Looking at the circuit I have (not sure where it came from), I would expect this to behave just as has been described by Roger & Wounded Paw.
Does anyone like it at all?

Mark Hammer

You know, it's funny how we evaluate effects here sometimes, by ignoring the historical context in which they occurred.  Ask yourself, just exactly how many effects of any given category have been produced and sold since the mid-1960s.  Now ask yourself whether the sounds obtainable from those individual types of effects have gotten more intense or outlandish as time went on.  Now ask yourself whether the expectations you have for an effect, that is the aspects that will "blow you away", might be different if you are trying something out in a music store in 1967, 1977, 1987, 1997, or 2007.

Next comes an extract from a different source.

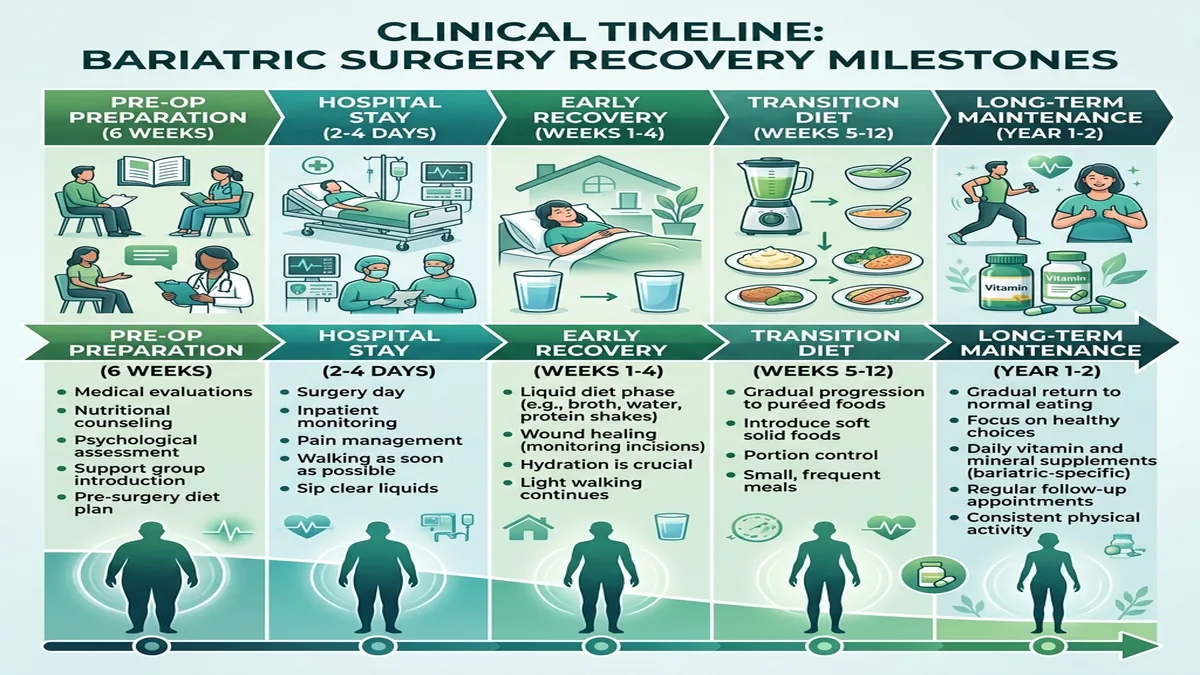 Clinical timeline of bariatric surgery recovery phases from hospital discharge through long-term weight stabilization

Of course, a lot of "vintage" effects will tend to disappoint, whether they are clones or originals.  Part of the disappointment will be because quality control 30 or 40 years ago was not what it is now and the examples you heard on record and identify with that effect were likely rare good examples of production pedals where all the component values (within their respective tolerances) cooperated in some magical way.  Take the same schematic and maybe what you build results in a slight variation that doesn't hit the nail on the head.  Another part of the disappointment will be because the legend of any given vintage pedal stems from examples of recorded music, with all the engineering, post-production tricks and sweetening that could be applied, rather than from the way it sounded live at a gig.  Another part may be because the pedal was being used in a specific context or abused in a certain way, and the pedal itself actually does nothing like that without those other things in place.  There is always the possibility that it used some sort of component that can no longer be easily obtained with the same special specs. 

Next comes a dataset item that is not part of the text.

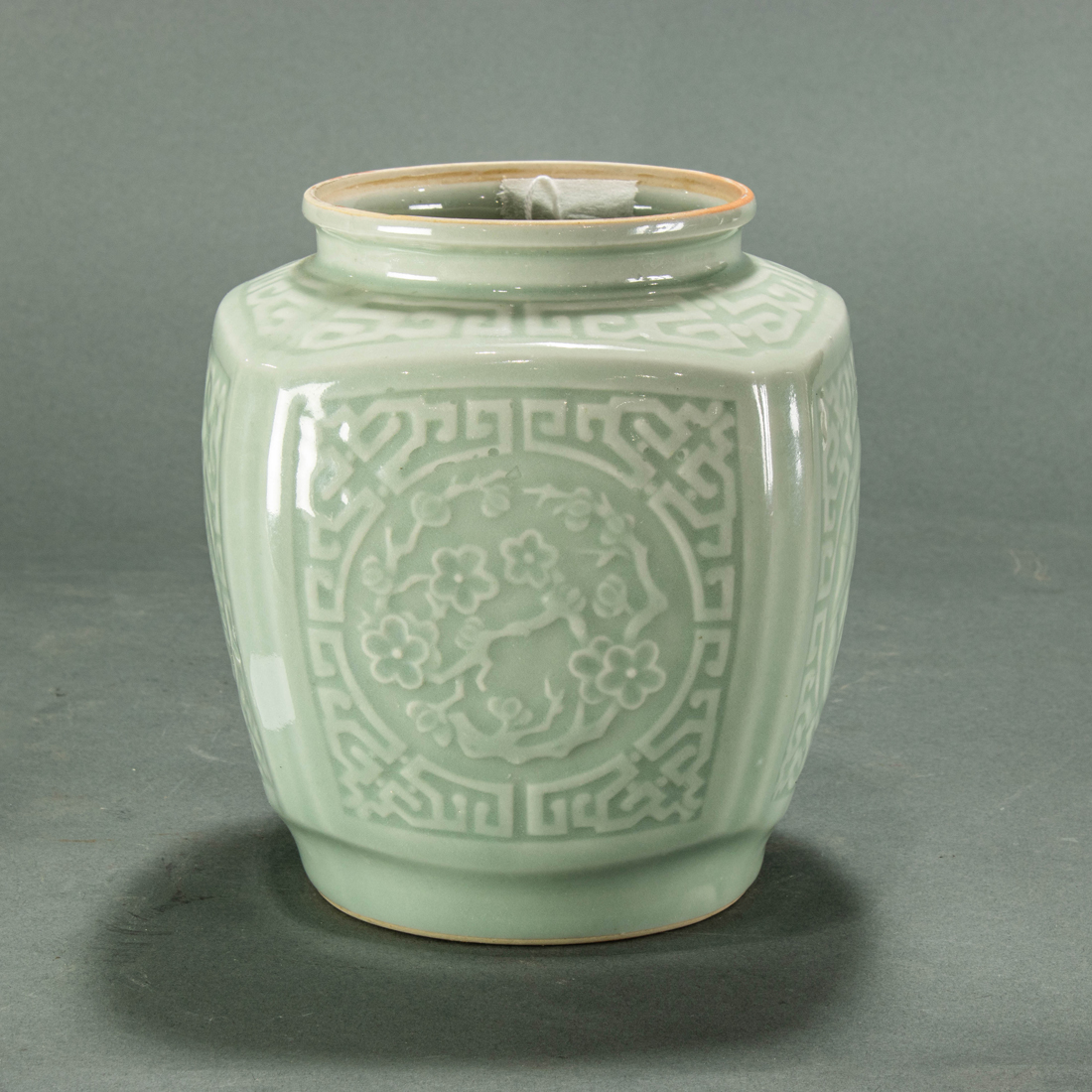 Appraisal: CELADON GLAZED VASE Celadon glazed vase of rounded square form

And finally, as suggested above, "legendary" status is partly a function of how different or distinctive something was felt to be when it came out; but distinctiveness is a function of what else there is to be compared to.  When the E-H Muff Fuzz came out, there wasn't a whole lot else on the market in North America (at least in any wide distribution with national advertising), and we thought it was pretty good.  From today's perspective, it's a piece of crap and not a particularly desirable distortion unit except to collectors who want "the complete set" of things.  Same thing for some of those Maestro things.  Perhaps that Maestro Fuzz sounded great in "Satisfaction", mixed in with everything else, when few pop hits had a fuzz in them, but if you tried to gig with one in 1972, you'd be more inclined to turn it off and turn on your Big Muff.

RickL

Are you sure you built the corrected version of this? It was one of the first effects I ever built and I was never sure it was working correctly. A year or so ago a corrected schematic was published (Jack Orman maybe?). I modified mine and it made a huge difference.

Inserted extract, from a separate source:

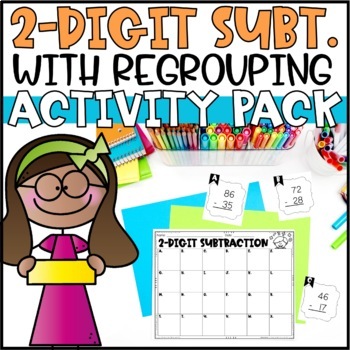 Preview of Double Digit Subtraction with Regrouping - Task Cards, Word Problems & Game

It's not subtle by any means. I'm sorry I can't point you to the corrected version or even find my copy. I moved houses about a month ago and I'll be spending the next several months digging through boxes trying to find stuff.

Wild Zebra

   I built this as one of my first projects.  I had the same results.  I always hoped to fix it one day, I just figured maybe the layout or schem was wrong but didn't have the no how at the time.  If the corrected schem pops up I'd love to give this another try.
"your stripes are killer bro"


col

Mine was the same as well. I reclaimed most of the parts as I was so disappointed with it. I might have to try it again sometime though with the corrected schematic.